What Is Chromising?
Chromising is a diffusion coating process that enriches the surface of metals with chromium.
Unlike spray or plating methods, chromising doesn’t deposit a layer it alters the surface composition itself. Through controlled high-temperature diffusion, chromium atoms penetrate the base metal, forming chromium-rich intermetallics that protect against carburisation, sulfidation, and oxidation in severe operating environments.
The resulting surface is metallurgically bonded, continuous, and stable under high thermal and mechanical stress. Chromised components perform reliably where traditional coatings or platings would crack, peel, or erode particularly in hydrogen, petrochemical, and turbine applications.
How the Process Works
Chromising typically uses a pack cementation process, similar in principle to aluminising. Components are enclosed in a sealed container filled with chromium powder, an activator (often a halide compound), and an inert filler. When heated in a controlled atmosphere, the activator reacts with the chromium to form gaseous species that diffuse into the metal surface.
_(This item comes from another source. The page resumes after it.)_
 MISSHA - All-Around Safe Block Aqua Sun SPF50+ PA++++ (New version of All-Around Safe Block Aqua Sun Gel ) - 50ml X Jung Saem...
Process parameters temperature, time, and gas activity are tuned to achieve the desired diffusion depth and chromium concentration. The final layer consists of stable intermetallics such as FeCr, NiCr, or Cr-carbide structures depending on the base alloy.
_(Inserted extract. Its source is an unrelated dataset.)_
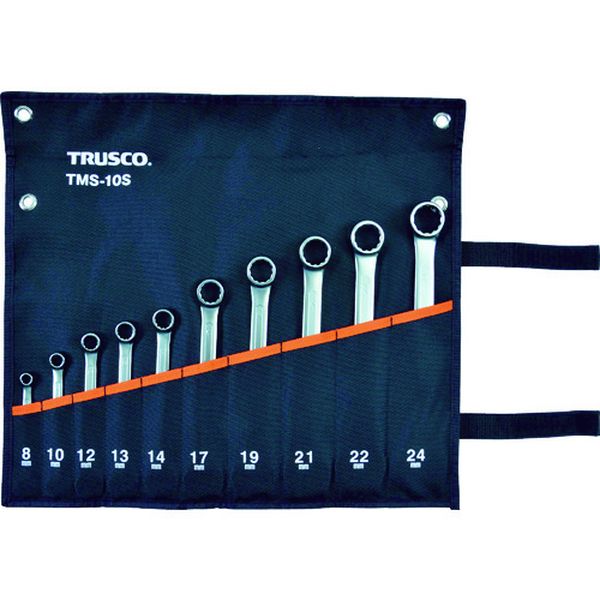 【メーカー在庫あり】 TMS10S トラスコ中山(株) TRUSCO コンビネーションスパナ(スタンダード) セット (10本組) TMS-10S JP店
This graded surface zone provides high resistance to carburisation, sulfidation, oxidation, and metal dusting up to and beyond 1000°C, making chromising a critical solution for extreme service environments.
Applications and Performance
• Hydrogen and syngas reformers – protecting heat exchanger tubes and reformer coils from carbon and sulphur attack.
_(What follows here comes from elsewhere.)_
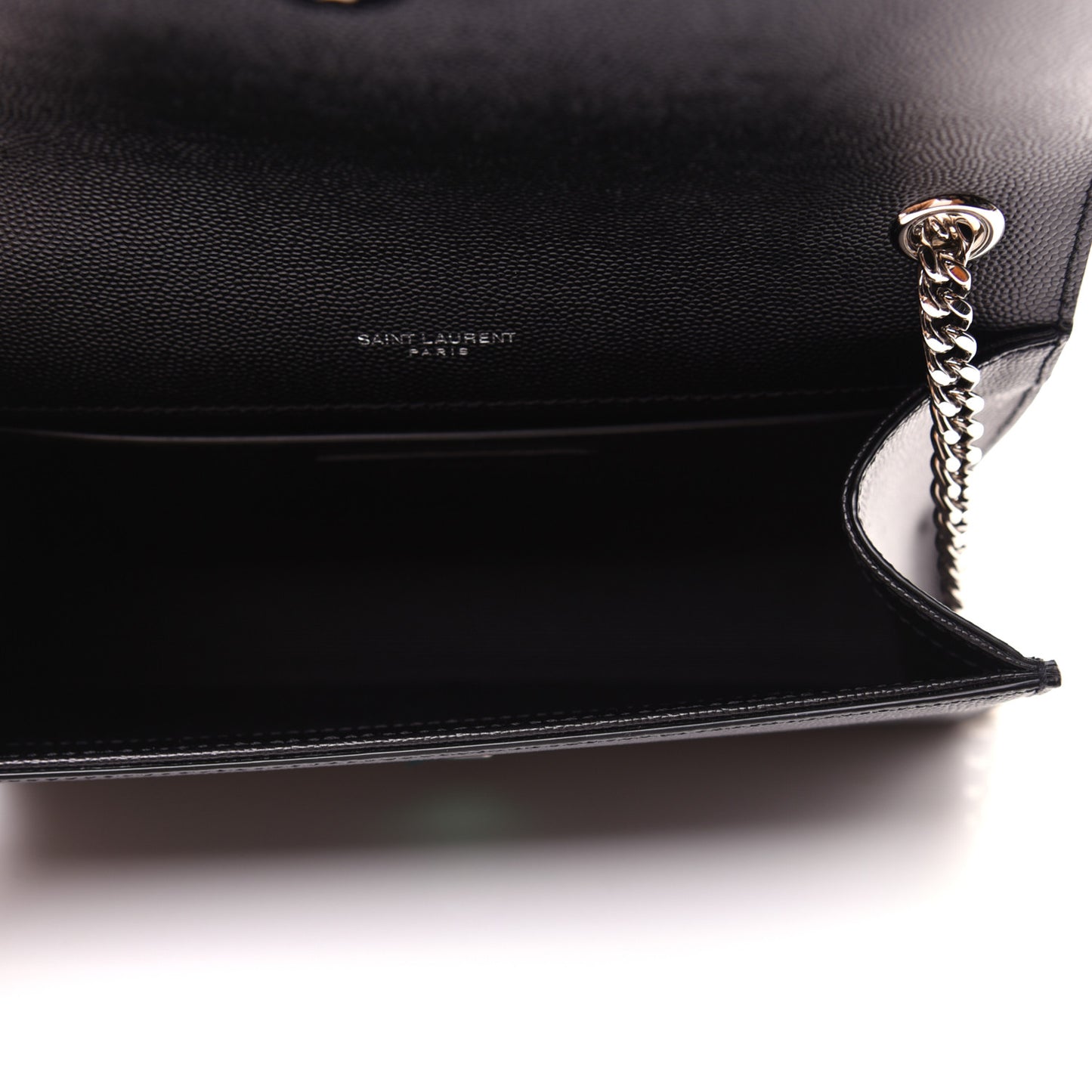 Grain De Poudre Small Monogram Kate Satchel Black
• Gas turbine and power generation components – enhancing oxidation and corrosion resistance of nickel- and cobalt-based alloys.
• Petrochemical reactors and process equipment – reducing metal dusting and sulphidation in high-carbon-activity gases.
• Aerospace and energy systems – improving hot corrosion resistance of superalloys in turbine and combustion environments.
Because chromising modifies the base metal’s surface composition, the coating maintains integrity even during thermal cycling, mechanical loading, and long-term service. The diffusion layer’s stability also allows subsequent machining, welding, or additional surface treatments without delamination.
Material Compatibility
Chromising is suitable for ferrous alloys, stainless steels, nickel-based alloys, and selected cobalt alloys. The process parameters are carefully adjusted to each substrate’s chemistry and geometry. The goal is to form a diffusion zone that enhances surface performance while preserving base-metal strength, ductility, and dimensional accuracy.
Why Choose Diffusion Alloys
Diffusion Alloys has been developing and applying chromising technology for over sixty years. Our coatings protect components in hydrogen reformers, power-generation systems, and aerospace engines across the world. Each project is designed from first principles based on alloy chemistry, service temperature, gas composition, and operational life requirements to deliver predictable, measurable protection.
Every chromised component is produced under rigorous quality control, with full traceability and repeatable results. That is why Diffusion Alloys’ coatings are trusted in sectors where failure is not an option.